BEGIN THE DATA

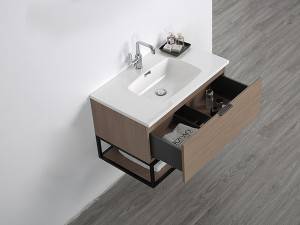 Discount Price Small Bathroom Vanity With Sink -
 Wall mounted 304 stainless steel melamine bathroom furniture-1921080 – Kazhongao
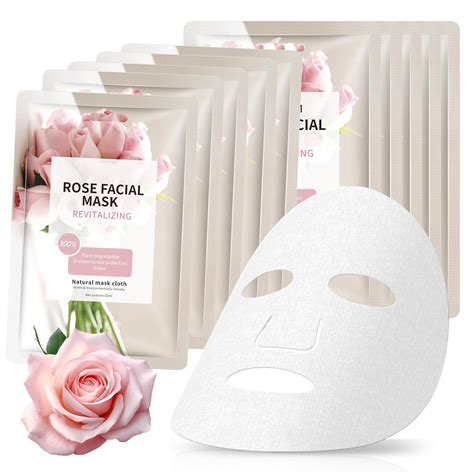 Amazon.com : Face Masks Skincare for All Skin Types, Pink Rose Hydrating Face Sheet Masks ...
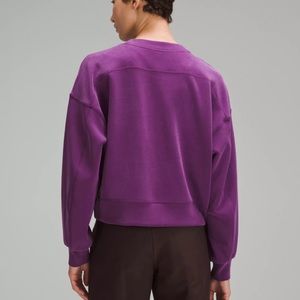 Lululemon Softstreme Perfectly Cropped Crewneck💜6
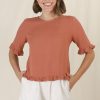 Tops Salty Crush | Adria Top - Rust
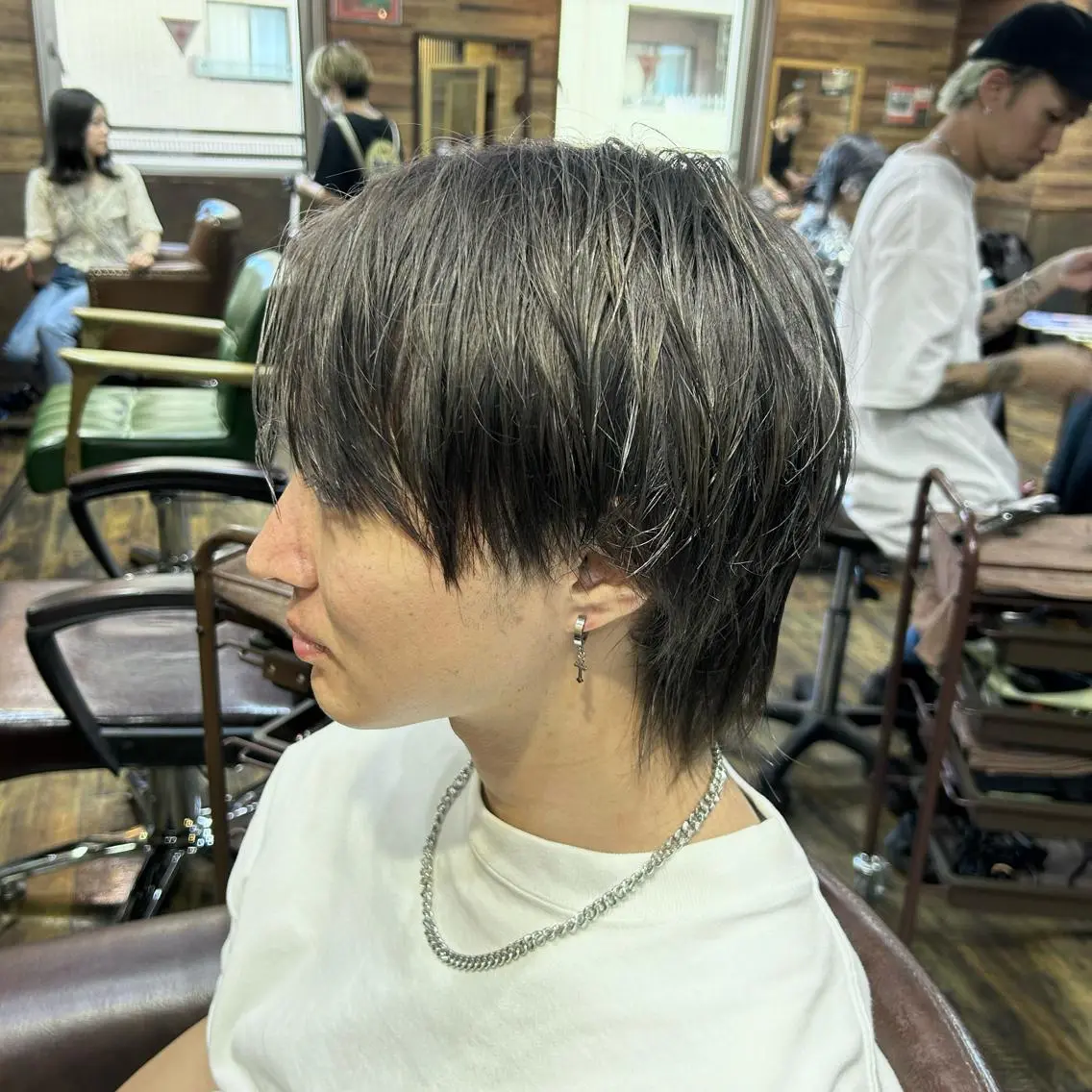 ショート カラー メンズ メンズブリーチ ブリーチ ツイスパ/メンズ特化 🦋𝑺𝑶𝑵𝑬のヘアスタイル
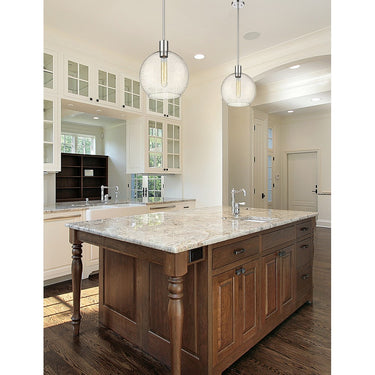 Z-Lite 13.75" Margo Polished Nickel 1 Light Pendant image 6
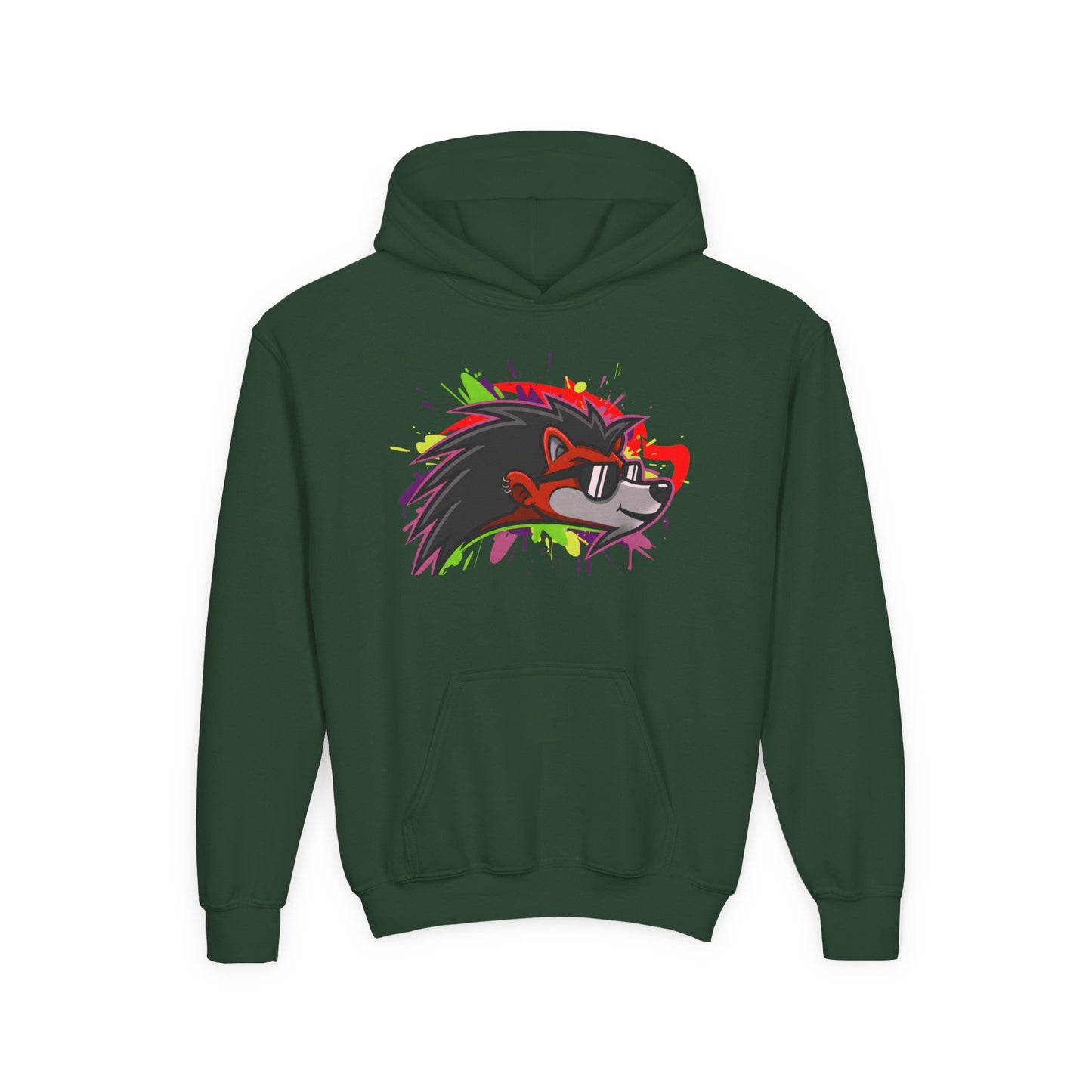 Happy Hedgehogg Youth Hoodie – Bright Colors. Big Smiles. - Happy Hedgehogg
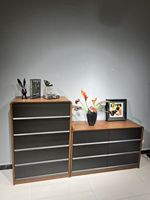 Coiffeuse moderne sur pied avec 6 grands tiroirs et miroir LED, réglable, couleur kaki, pour chambre à coucher, mobilier de beauté, hôtel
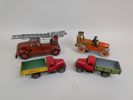 Leksaker, litograferad plåt bl.a. Lehman Gnom toy Tyskland 1930-tal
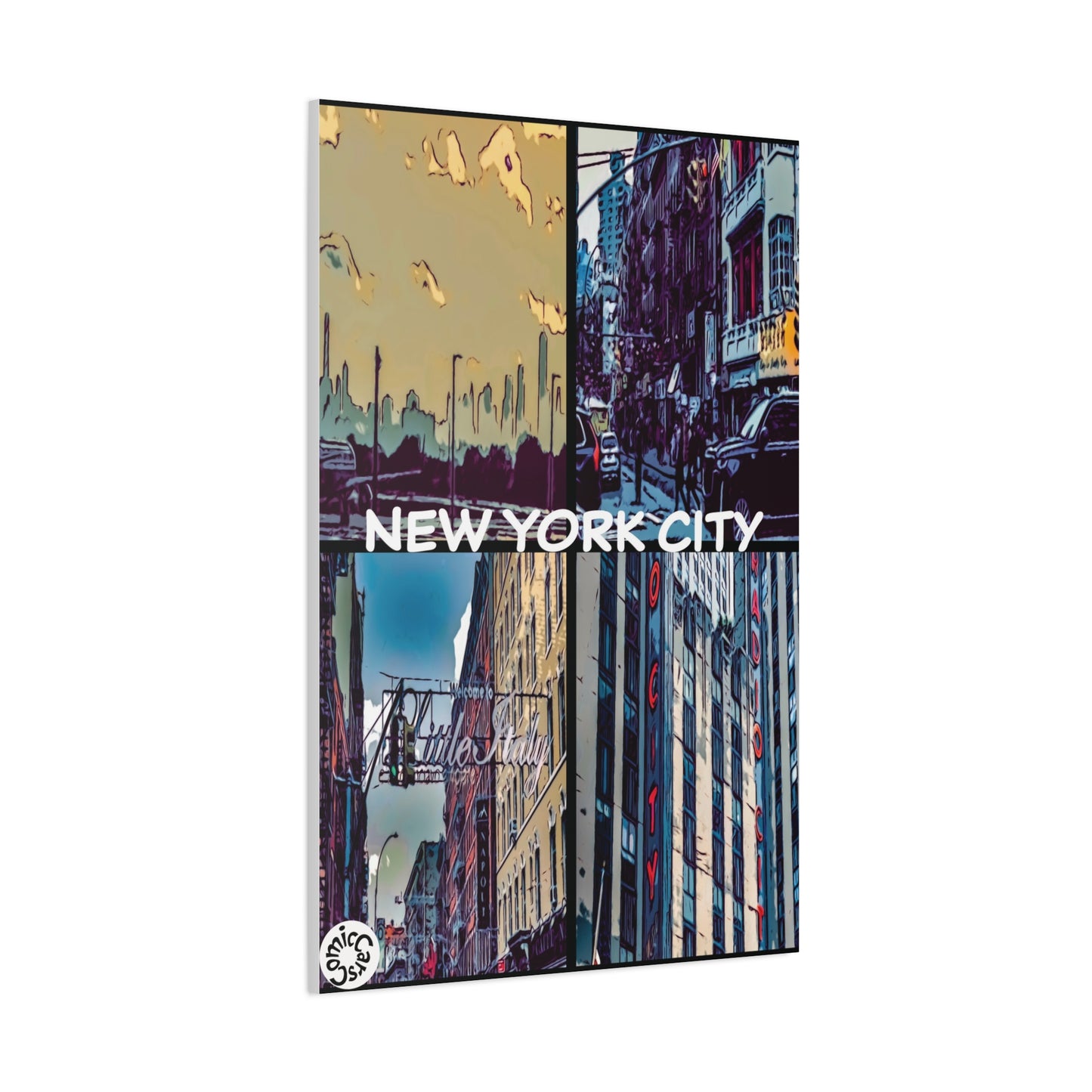 New York City Collection Matte Canvas Wall Art Urban Home Decor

END THE DATA

**PROBLEM REQUIREMENTS**:
Nothing but the lines from the one containing "Leksaker, litograferad plåt" through the final line of the entries above should be given again, each exactly as written; omit the pictures.

**THE COMPLETED TASK**:
 Leksaker, litograferad plåt bl.a. Lehman Gnom toy Tyskland 1930-tal
 New York City Collection Matte Canvas Wall Art Urban Home Decor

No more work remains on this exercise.